If we assume that a recent regular desktop PC would be able to generate
8 billion keys per second, generating all possible keys would take
about 128 days. Of course having much more computing power can solve
this in a matter of minutes.

And due to the birthday paradox, the knowledge of the key length and the
fact that we also know that the key is of natural English language -
therefore semantic - a potentially sophisticated algorithm might
reduce the needed time further more.

If we would have a specially crafted program that does the encryption of
the IV and then the decryption of the ciphertext we can compare the hash
in order to know that we have found the correct plaintext.

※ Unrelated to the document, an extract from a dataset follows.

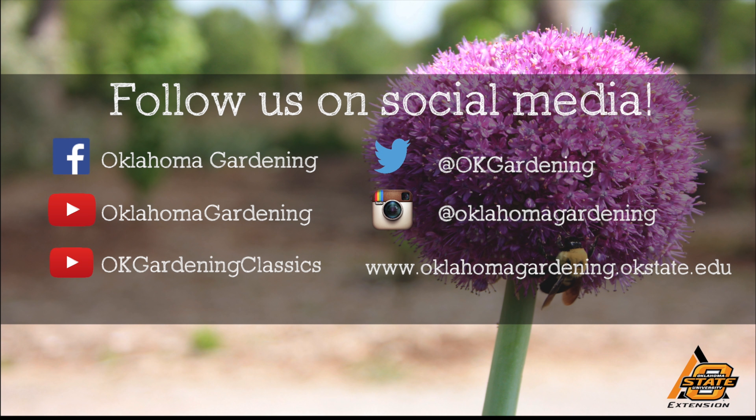We hope you enjoyed this video. It's part of our Oklahoma Gardening YouTube channel. You can also find more videos on our OK Gardening Classics YouTube channel, and join us on social media for great gardening tips, photos, and discussion.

With challenge 2 it's a bit more complicated as we don't know the length
of the key used.

Even a frequency or auto-correlation analysis will not work, because
every IV is generated randomly and encryption with the secret key
doesn't change this randomness.

If you like you can verify that quit easily on your own at the following
websites

Vigenere Solver - www.guballa.de
https://f00l.de/hacking/vigenere.php
My Geocaching Profile.com

if you post in all five ciphertext for example.

SDFCXSBJZOFWMNWWDOIFTHYCQGTICPVHZSYXFQ
LVILHHZDEWDDNBMTPJBJALZMCYJHGRJXUFPEZF
QXKNIEGMHPJTWAICZCXHAVRTKLNXRNPEALLVVI
WYTTQASHNBOKGQQJEITVIAECIFWNBTEQDOLMMZ
MHMWPQTRVNTSELODZBQIGYCWMQNFKWGPJALQIL

Obviously it can't be solved that simple.

Is anyone aware of another solution which is considerably more effective
than brute force?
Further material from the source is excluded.